If you encounter any bugs or have any specific feature requests, please file an issue.


Examples

sl3 makes the process of applying screening algorithms, learning algorithms, combining both types of algorithms into a stacked regression model, and cross-validating this whole process essentially trivial. The best way to understand this is to see the sl3 package in action:

set.seed(49753)
suppressMessages(library(data.table))
library(dplyr)
#> 
#> Attaching package: 'dplyr'
#> The following objects are masked from 'package:data.table':
#> 
#>     between, first, last
#> The following objects are masked from 'package:stats':
#> 
#>     filter, lag
#> The following objects are masked from 'package:base':
#> 
#>     intersect, setdiff, setequal, union
library(SuperLearner)
#> Loading required package: nnls
#> Super Learner
#> Version: 2.0-24
#> Package created on 2018-08-10
library(origami)
#> origami: Generalized Cross-Validation Framework
#> Version: 1.0.0
library(sl3)

# load example data set
data(cpp)
cpp <- cpp %>%
  dplyr::filter(!is.na(haz)) %>%
  mutate_all(funs(replace(., is.na(.), 0)))

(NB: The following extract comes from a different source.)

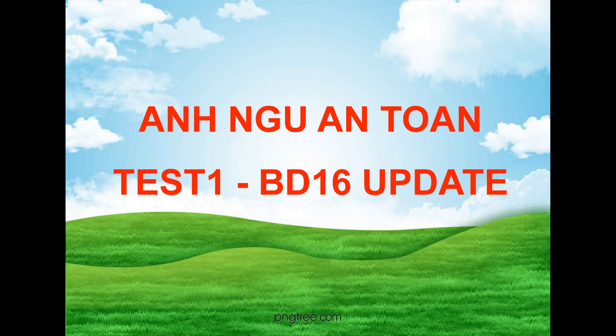Number 83. According to the speaker, what is special about this month's issue of TechNow? Number 84. Who is Erica Clifton? Number 85. What does the magazine offer this week with a subscription?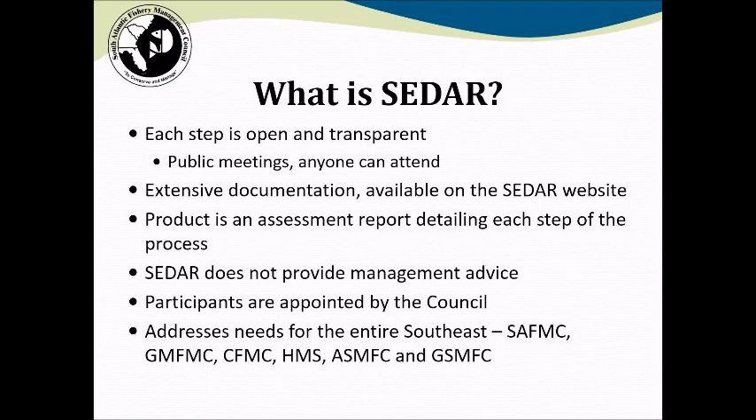Importantly, SEDAR does not provide management advice — that's developed by the Council. SEDAR provides information on the status of the stock, which then informs what the Council does as management. SEDAR addresses needs for the entire Southeast region, including the South Atlantic Council as well as the Gulf and Caribbean Councils, the National Marine Fisheries HMS Division for coastal sharks, and the Atlantic States and Gulf States Marine Fisheries Commissions.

# use covariates of intest and the outcome to build a task object
covars <- c("apgar1", "apgar5", "parity", "gagebrth", "mage", "meducyrs",
            "sexn")
task <- sl3_Task$new(cpp, covariates = covars, outcome = "haz")

# set up screeners and learners via built-in functions and pipelines
slscreener <- Lrnr_pkg_SuperLearner_screener$new("screen.glmnet")
glm_learner <- Lrnr_glm$new()
screen_and_glm <- Pipeline$new(slscreener, glm_learner)
SL.glmnet_learner <- Lrnr_pkg_SuperLearner$new(SL_wrapper = "SL.glmnet")

# stack learners into a model (including screeners and pipelines)
learner_stack <- Stack$new(SL.glmnet_learner, glm_learner, screen_and_glm)
stack_fit <- learner_stack$train(task)
#> Loading required package: glmnet
#> Loading required package: Matrix
#> Loading required package: foreach
#> Loaded glmnet 2.0-16
preds <- stack_fit$predict()
head(preds)
#>    Lrnr_pkg_SuperLearner_SL.glmnet Lrnr_glm_TRUE
#> 1:                      0.35345519    0.36298498
#> 2:                      0.35345519    0.36298498
#> 3:                      0.24554305    0.25993072
#> 4:                      0.24554305    0.25993072
#> 5:                      0.24554305    0.25993072
#> 6:                      0.02953193    0.05680264
#>    Lrnr_pkg_SuperLearner_screener_screen.glmnet___Lrnr_glm_TRUE
#> 1:                                                   0.36228209
#> 2:                                                   0.36228209
#> 3:                                                   0.25870995
#> 4:                                                   0.25870995
#> 5:                                                   0.25870995
#> 6:                                                   0.05600958

Contributions

It is our hope that sl3 will grow to be widely used for creating stacked regression models and the cross-validation of pipelines that make up such models, as well as the variety of other applications in which the Super Learner algorithm plays a role. To that end, contributions are very welcome, though we ask that interested contributors consult our contribution guidelines prior to submitting a pull request.


After using the sl3 R package, please cite the following:

    @misc{coyle2018sl3,
      author = {Coyle, Jeremy R and Hejazi, Nima S and Malenica, Ivana and
        Sofrygin, Oleg},
      title = {{sl3}: Modern Pipelines for Machine Learning and {Super
        Learning}},
      year  = {2018},
      howpublished = {\url{https://github.com/tlverse/sl3}},
      note = {{R} package version 1.1.0},
      url = {https://doi.org/10.5281/zenodo.1342294},
      doi = {10.5281/zenodo.1342294}
    }

License

© 2017-2018 Jeremy R. Coyle, Nima S. Hejazi, Ivana Malenica, Oleg Sofrygin

The contents of this repository are distributed under the GPL-3 license. See file LICENSE for details.


References

Breiman, Leo. 1996. “Stacked Regressions.” Machine Learning 24 (1). Springer: 49–64.

van der Laan, Mark J., Eric C. Polley, and Alan E. Hubbard. 2007. “Super Learner.” Statistical Applications in Genetics and Molecular Biology 6 (1).

Wolpert, David H. 1992. “Stacked Generalization.” Neural Networks 5 (2). Elsevier: 241–59.